(Your goal): Set down the data again exactly. Pictures are not part of the copy.

··· Dataset content

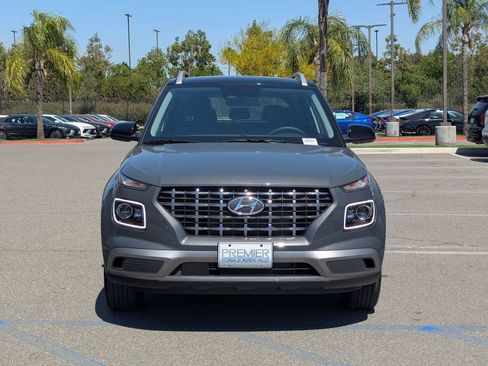 New 2025 Hyundai Venue Limited image 9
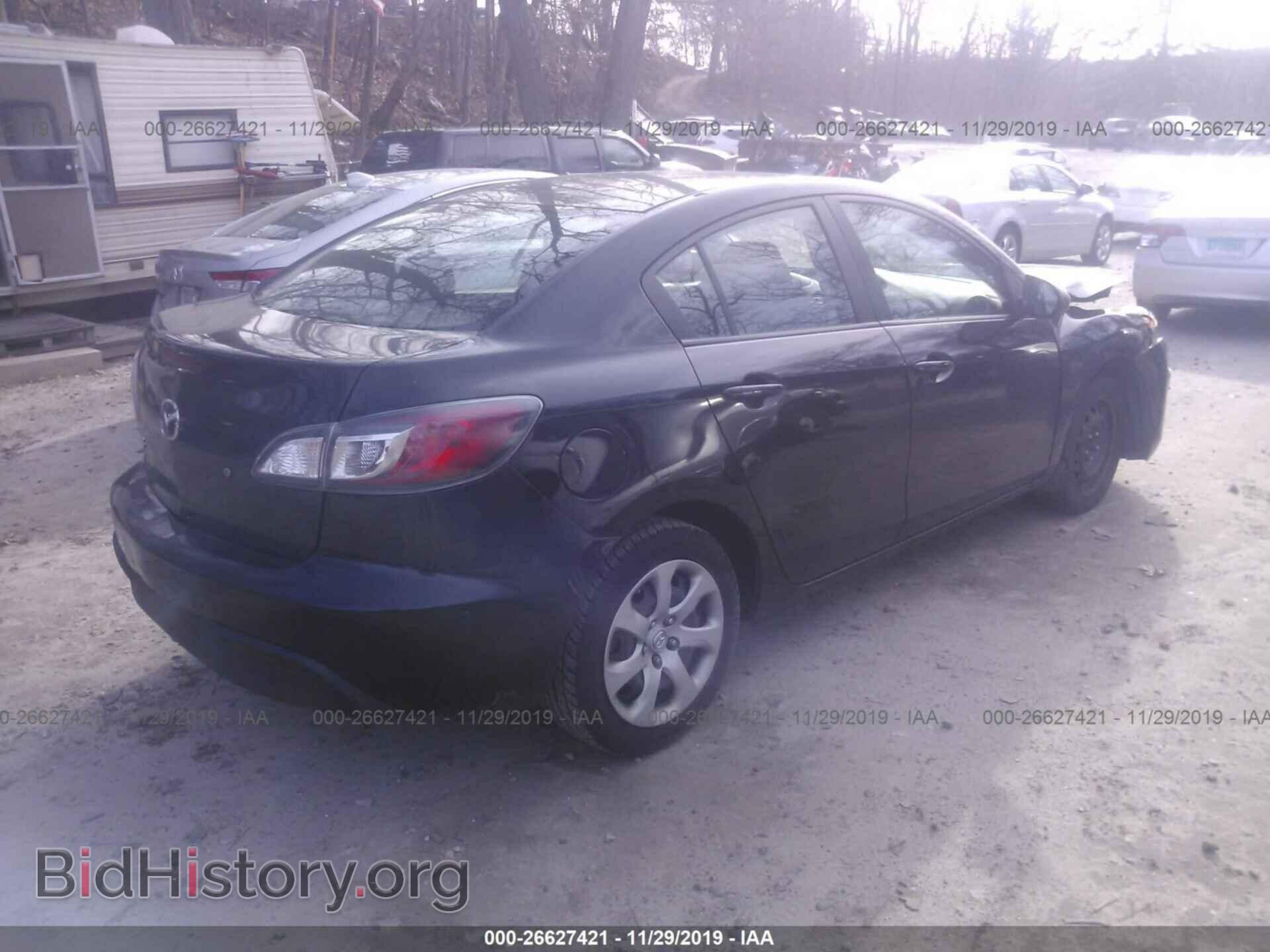 2011 MAZDA 3 - VIN: JM1BL1UG7B1432031 - Photo 4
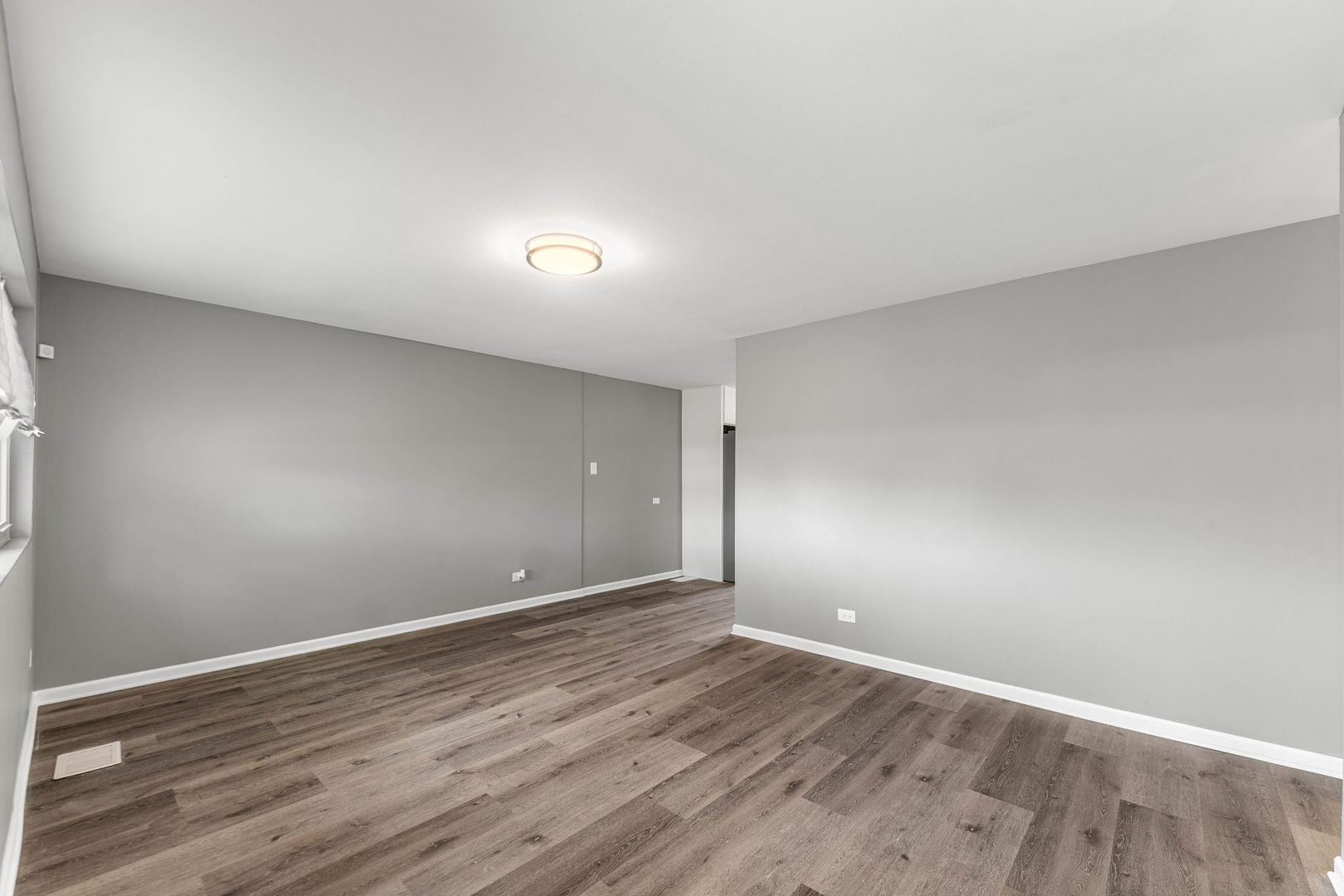 18155 Cicero Avenue, Country Club Hills, IL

······

(Response to this task):
 New 2025 Hyundai Venue Limited image 9
 2011 MAZDA 3 - VIN: JM1BL1UG7B1432031 - Photo 4
 18155 Cicero Avenue, Country Club Hills, IL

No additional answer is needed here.